San Jose police can continue to use rubber bullets for crowd control if people are being violent, despite Mayor Sam Liccardo’s push to ban them in crowds altogether after protesters suffered serious injuries during demonstrations against the police killing of George Floyd in May.
Liccardo was the lone dissenter in the City Council’s 10-1 decision, with councilmembers saying the safety of officers was at risk. The decision was part of a series of changes to police department policies the council approved Sept. 15.
The city’s previous policy allowed the use of rubber bullets against protestors — violent or peaceful — but was met with backlash by residents and councilmembers, prompting Police Chief Eddie Garcia on June 16 to prohibit the use of rubber bullets as crowd control for nonviolent individuals.
The policy change means police officers can only use rubber bullets when someone is “actively attacking an officer or another person” or poses a threat, according to the police department’s manual. In those situations, officers must be sure to “avoid striking unintended subjects.”
Officers must use another form of crowd control if the crowds are too dense and an accurate shot can’t be made.
But how do officers distinguish between violent and nonviolent protests when faced with large crowds and a highly-contentious situation?
Liccardo said the changes didn’t go far enough and pressed for a ban of rubber bullets for all crowd control scenarios, leading to a heated exchange between the mayor and police Acting Police Chief Dave Knopf.
“There is a very big distinction between people who are unlawfully present and those who are violent assailants and I think we both know people who are not violent assailants and got hit,” Liccardo said. “They may have been unlawfully present but they still got hit.”
Knopf said potential harm to bystanders is the exact reason the policy was changed to allow officers to fire only at violent protesters.
“Nothing is perfect,” Knopf said, acknowledging that police are responsible for determining if they have a clear shot and sometimes misjudge.
“We need really clear policies so you don’t expect people to be perfect in the middle of a chaotic scenario to be able to discern how and when to fire something that is a potentially lethal round,” Liccardo said.
Knopf countered by saying rubber bullets are not considered a “lethal round” by the courts.
A 2017 study found rubber bullets can be lethal in some cases or at the very least can cause injury. At a May 29 protest, a local musician was left with a black eye, blurry vision and scarring after being hit by a rubber bullet.
“I don’t believe that as a council we should allow for situations that we know are highly likely to cause serious injury or even death to our residents when we see what the evidence is around the country,” Liccardo said.
Police officials acknowledged the potential danger posed by the projectiles but worried about officers’ inability to defend themselves during protests marked by anger toward law enforcement.

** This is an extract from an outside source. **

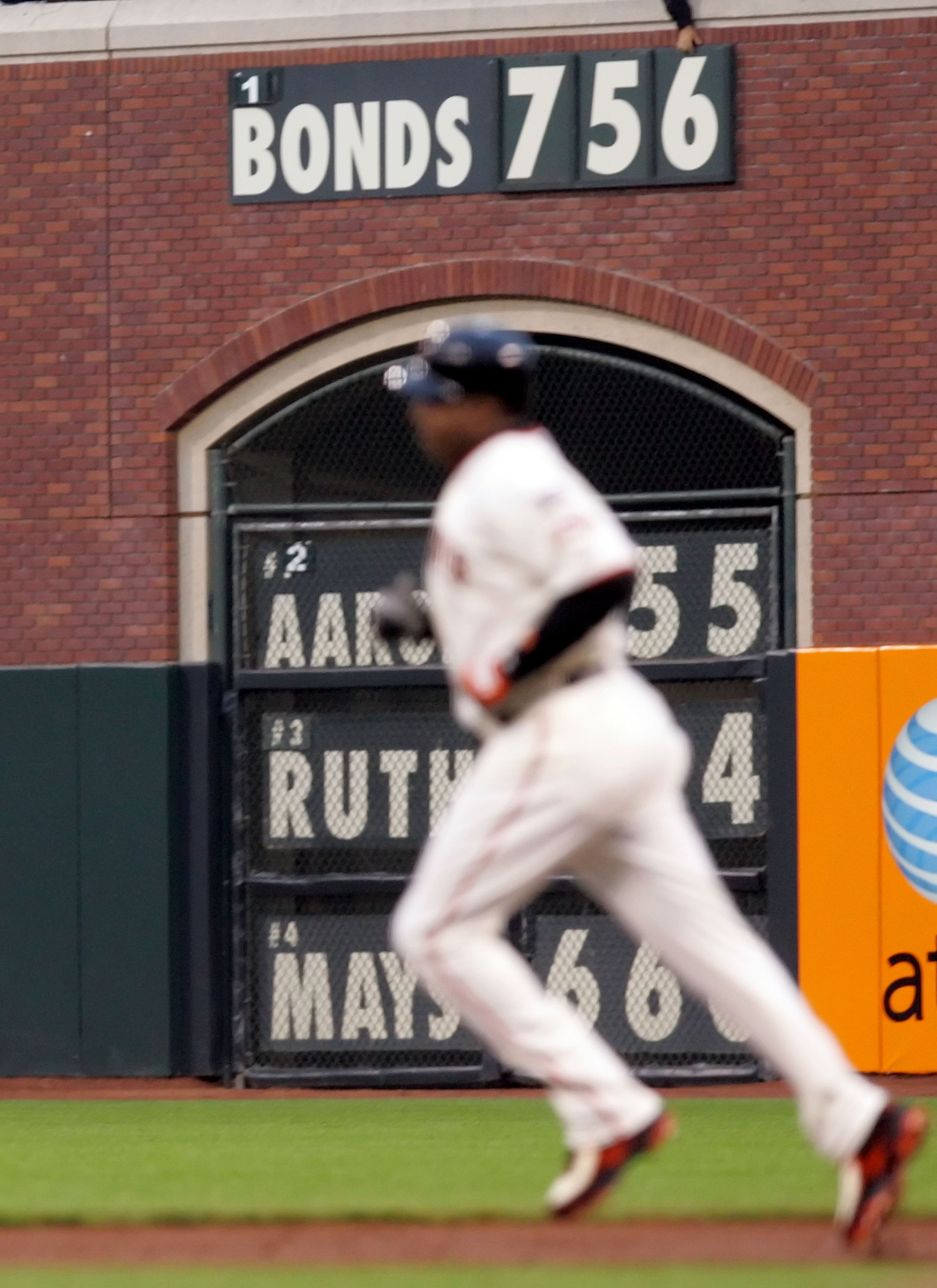 San Francisco Giants Barry Bonds, #25, reacts after getting hit by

“I’m not going to commit the officers in this department to stand on the line and not be able to defend themselves in a riotous situation,” said Knopf. “You need to be prepared to deal with that situation if we can’t go in and protect this city from burning when people are lighting things on fire, looting and wanting to take us on.”

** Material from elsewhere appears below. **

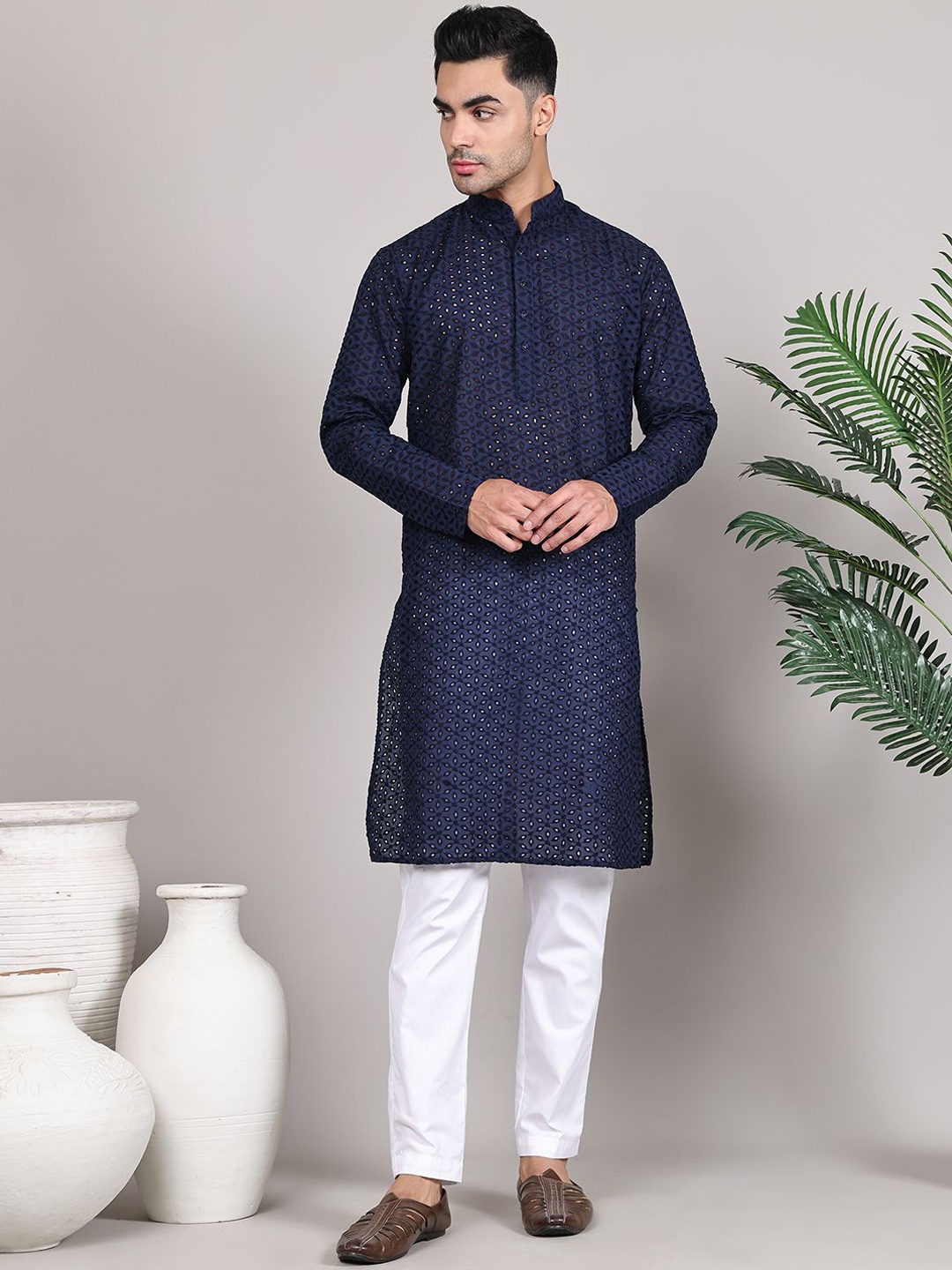 Majestic Man Floral Lucknowi Chikankari Embroidered Mandarin Collar Straight Kurta, Navy blue
Majestic Man Floral Lucknowi Chikankari Embroidered Mandarin Collar Straight Kurta, Navy blue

Capt. Jason Dwyer said chemical agents such as tear gas and pepper spray, as well as wood batons, are some of the only other realistic alternatives for quelling crowds.
Dwyer said batons can be grabbed by protesters. One of the newly released body cam videos from the police department shows an incident where a protester grabbed a baton and a fight ensued.

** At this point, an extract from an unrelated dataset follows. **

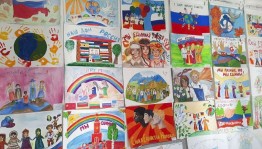 Выставка рисунков«Моя Россия»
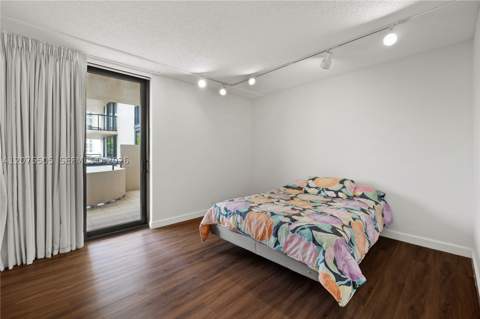 19667 Turnberry Way 3F, Aventura FL - photo 18 of 35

“We don’t want to have that toe-to-toe confrontation,” Dywer said. “The officers get attacked too.”
As a former police officer, Councilmember Raul Peralez, who pushed for the ban of rubber bullets against peaceful protestors, said he understood the need for officers to have protective tools at their disposal.
“Ultimately, if other tools are ineffective, we should not take away the opportunity of this tool that we know is much less impactful and less lethal than a handgun,” Peralez said.
The push to consider a rubber bullet ban began at the request of Liccardo, Peralez, Vice Mayor Chappie Jones and Councilmembers Lan Diep and Magdalena Carrasco following injuries of protesters in May.
Peralez, who now works as a reserve officer, said he was happy with the approved changes.
The City Council also approved other police policies, including the minimum age at which minors can be placed into handcuffs and prohibiting the hiring of people who have tattoos or body art that aligns with hate groups.
Officers will also be barred from covering their badge and will have to provide their name and badge number upon request.
In addition, officers will be prohibited from “no knock entries” where a warrant is required except where evidence is at risk of being destroyed if officers knock.